The town of Ollantaytambo is listed as a living Culture and a Living Inca City since its inhabitants live according to uses and customs inherited from their ancestors and their houses are built on Inca bases or cementations.

Upon entering Ollantaytambo one is amazed to see narrow streets of stone, which have original water channels from the Inca era in which large amount of water flows. It is transported through underground channels from the high snowy mountains. For this reason, it is believed that the town was part of a center for worshipping water.

Water was a very important deity in the Inca era. It represented life and without it nothing could exist. For this reason, in every ceremonial place and wherever people lived there had to be water.

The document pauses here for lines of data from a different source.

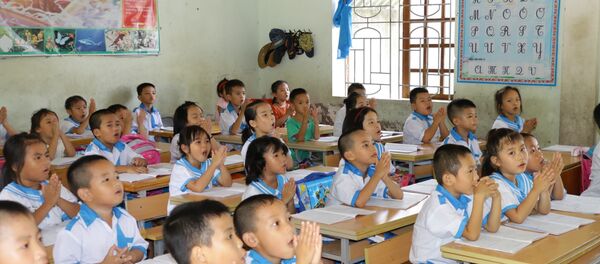 Giờ học tiếng Việt công nghệ của học sinh trường Tiểu học Quán hành, huyện Nghi Lộc Giờ học tiếng Việt công nghệ của học sinh trường Tiểu học Quán hành, huyện Nghi Lộc - Sputnik Việt Nam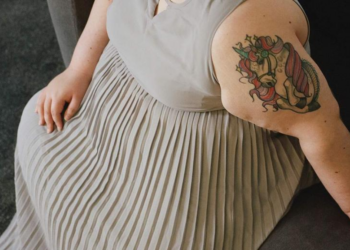 Esmee (29) weegt 250 kilo: “Ik lunch met 3 borden friet, 2 kroketten en een fles cola”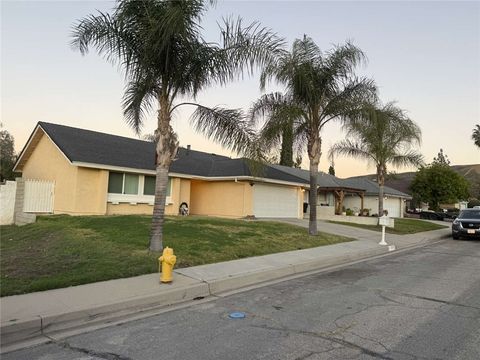 Photo of 3270 Edgemont Court, San Bernardino, CA 92405 (MLS # FR25276125)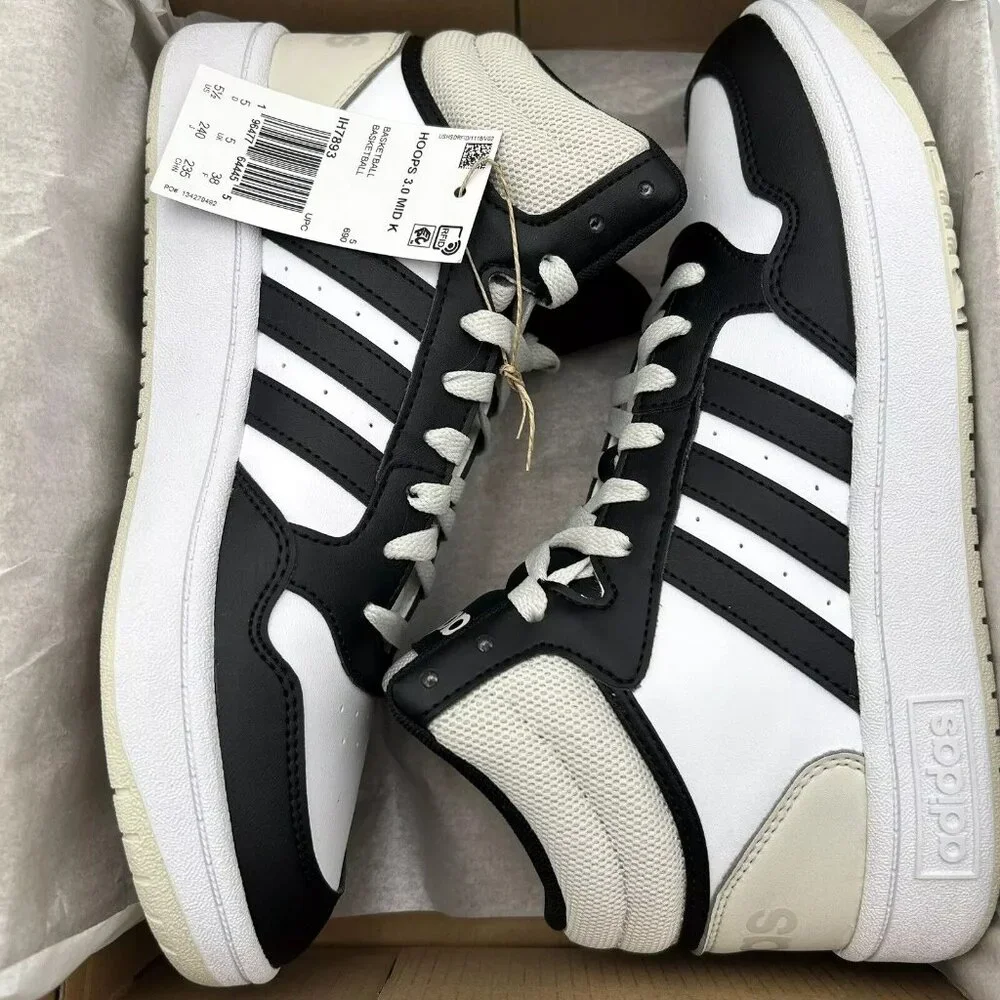 Adidas Hoops 3.0 Mid Top Youth Boys/Girls Basketball Sneaker Sz 5.5‎ Black/White
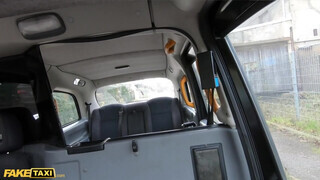 Fake Taxi - Lily Adams a csábító milf
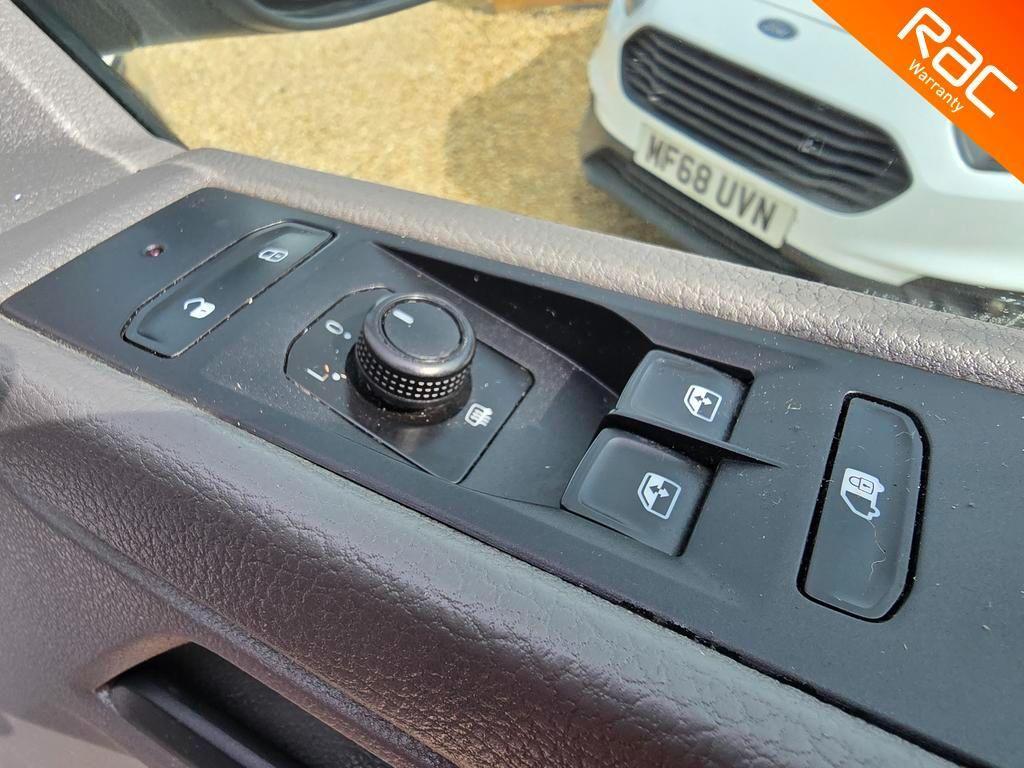 Used Volkswagen Transporter 2020 for sale - 76638952: Photo 19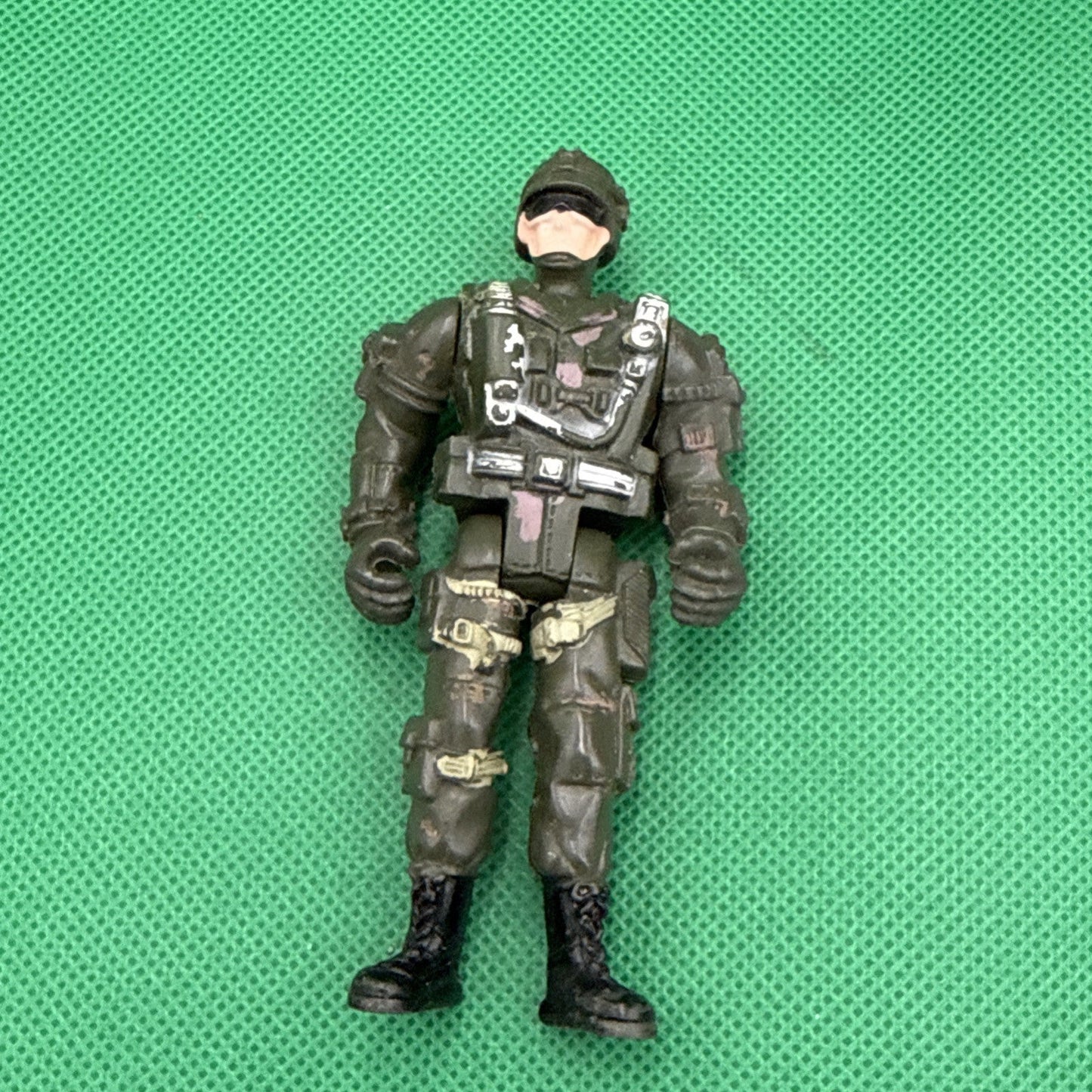 Action Figure 3.75" ARMY Camo Man Moveable Hole gripping Hands Unknown - toyscardscomics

Ollantaytambo is one of the few places where you see so much water all year round. Although in the Inca era the most important economic activity was agriculture. As a result, work was done to clean the channels that transported water, their sacred deity for them which represented and created life. When the Spaniards arrived, the most important activity for the whole society was no longer agriculture, but mining. The Spanish were more concerned with extracting gold and silver and they changed rural social organization. They quit doing the cleaning tasks of channels and the Inca flow of water was lost. For this reason, when you visit this town you are so amazed by the intact constructions of the canals as well as of the people who up to the present time maintains many traditions of the Inca era. An example is the town of Willoc, a rural community that is part of Ollantaytambo and where only the Quechua language is spoken. Its red and black garments are similar to Huayruro, a red and black seed brought from the jungle used as an amulet for luck and to ward off bad spirits.

Ollantaytambo is the only Inca city that is still occupied by local families.

A Family from Ollantaytambo (Photo: Wayra)
A Family from Ollantaytambo (Photo: Wayra)

But what was Ollantaytambo? According to archaeological and ethnohistorical work, Ollantaytambo constituted a strategic military, agricultural and religious center for administering and controlling the Sacred Valley of the Incas. This is said due to the presence of constructions that are presumed to be for agricultural deposits and others of walls and turrets of control and surveillance for military use probably to protect the Inca from the jungle ethnic groups.

The Inca remains in Ollantaytambo are vestiges of the town that Pachacutec the ninth Inca ordered built after subduing its inhabitants and conquering these lands. When the Spaniards arrived Ollantaytambo was still in construction and for this reason it is an unfinished place. At the top, where the ceremonial sector is located, there are large stones that are well carved and polished. This material was to be used to build the more important temple dedicated to the sun. With the arrival of the Spaniards, work stopped. Even though it is unfinished, you can appreciate the imposing agricultural infrastructure works composed of hundreds of platforms and channels to secure the farmland. You also see checkpoints and surveillance in the tops of the hills, domestic and ceremonial buildings, astronomical observatories, and more.

How great it would have been to see this place completely finished, because with what we see now we are surprised, I cannot imagine what it would be like to see the complete work. You can visit Ollantaytambo and be part of this living culture.